I keep a running list of topics I want to cover in this newsletter, and I had a couple in mind for this week. Breakfasts that get me out of bed in the morning! Vibrant recipes for the spring produce creeping into farmers’ markets!
But the truth is I’ve been sad — mozzarella-sticks-for-lunch, cereal-for-dinner sad. You might recognize it, you might even be experiencing it right now. One can only eat that way for so long, though. Either your depleted supply of frozen foods or the siren song of fiber will snap you out of the funk. Still, you will need meals that require the absolute minimum of you.
A sheet-pan recipe is the obvious place to start because it is so accessible. You’d be pressed to find a home kitchen without a sheet pan. They’re a key tool in so many easy, under-40-minute recipes that call for little more than piling a few ingredients together and shoving them into the oven.
With just five ingredients* and one sheet pan, you can prepare Ali Slagle’s roasted sweet potatoes and spinach with feta, an unexpected yet delightful amalgam of wholesome ingredients. Pickled jalapeño brine is used as a sort of spiced vinegar for the vegetables, which is the kind of genius pantry hack you appreciate when you’re down.
With just five ingredients and two sheet pans (OK, and a small cup), you can make Hetty McKinnon’s vegan tofu and brussels sprouts with hoisin-tahini sauce. Using two sheet pans ensures that the tofu and brussels sprouts cook evenly, but if you’re cooking for only one or two people, halve the recipe and use one sheet pan. It’s a filling recipe, and you’ll likely still have leftovers.
With just eight ingredients and two sheet pans, you can throw together Susan Spungen’s springy gnocchi with asparagus, leeks and peas.

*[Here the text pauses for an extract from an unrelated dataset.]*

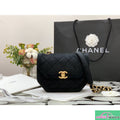 Glami - CHL Bags - 208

It’s a forgiving recipe: Use mini pierogi or big butter beans instead of gnocchi, or swap in green beans, broccolini or scallions for any of the vegetables. Whatever you have will be good enough.
Not only can you cook an entire meal using a sheet pan, but you can eat off it, too. Light a taper candle in the center of the table, maybe break out a cloth napkin to lift your spirits, but the effort can stop there. You’re in the comfort of your home, after all, and life is hard enough.
*I’m not counting salt and pepper or olive oil when totaling up ingredients, and you shouldn’t either.
One More Thing!
Last week, I asked you all to share the vegetables you love to use in desserts. You all are as gaga for rhubarb as I am! Gillian loves to make a rhubarb meringue pie, and Jessica is a fan of Deborah Madison’s recipe for stewed rhubarb, which she enjoys over yogurt or on cake (and she’s eyeing the roasted rhubarb scones in Claudia Fleming’s latest cookbook, “Delectable”).
Ruth’s been making a strawberry and rhubarb crumble (with a hint of allspice!) from a long-misplaced copy of Bon Appétit from the 1980s. And Silje makes a modern version of her mother’s Norwegian cold rhubarb soup, to enjoy with large scoops of vanilla ice cream or whipped cream.
But wait, there’s more! Nadia loves to bake with parsnips, and swears by Dorie Greenspan’s triple-layer parsnip and cranberry cake. Leslie makes a sort-of-mousse using whipped baked sweet potato, vanilla, chocolate chips, vegan sour cream and soy powder, and Bev makes a “tried, loved and shared” recipe for vegan sweet potato-chocolate chip cookies.